In 1929, the pair made a wager with racing driver Kaye Don that they could complete a 2,000 mile tour without spending any of their own money. They set off south from London in February, but were forced to turn back due to snow. Having already completed 600 miles in wintery conditions, and earned a few shillings helping stranded motorists, they headed north and encountered better weather. They made more money by posing for photographs and writing about their journey, and at one point delivered a tyre for a local garage in exchange for petrol and oil.

== Writers ==

In 1928, the Debenhams published a book entitled Motor-Cycling for Women. Based on their extensive experience, the slim book is part travel guide, part manual, and part shopping guide.

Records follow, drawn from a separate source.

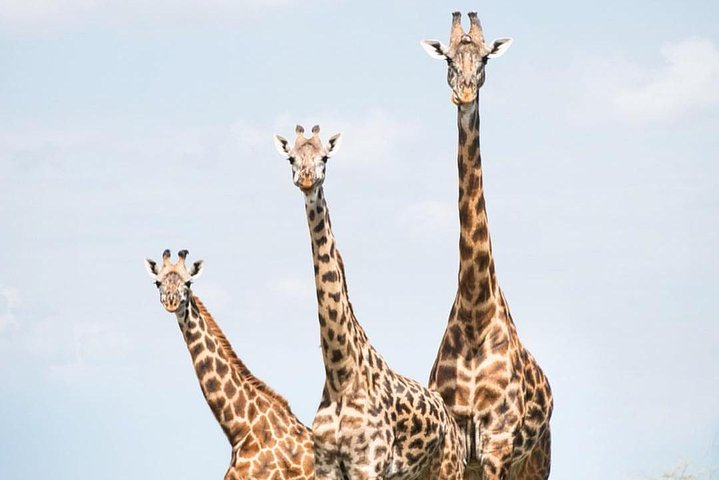 7 days great migration safari - Photo 1 of 11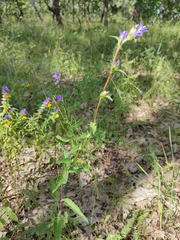 Campanula glomerata farinosa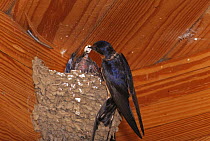 Barn swallow {Hirundo rustica} removing faecal sac from nest, USA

Motor-cycling is an ideal hobby for the tired business girl. She can seek health and pleasure during her precious week-ends by exploring the countryside and the seaside. She can gather her violets and primroses from the woods instead of buying them in jaded twopenny bunches, and her whole week-end's holiday need only cost her the price of her return fare to Brighton.
Betty Debenham was press secretary for the London Ladies' Motor Club.

== Later life ==

Betty Debenham went on to become a golf writer for the Daily Sketch and, in 1938, was a founding member of the Association of Golf Writers.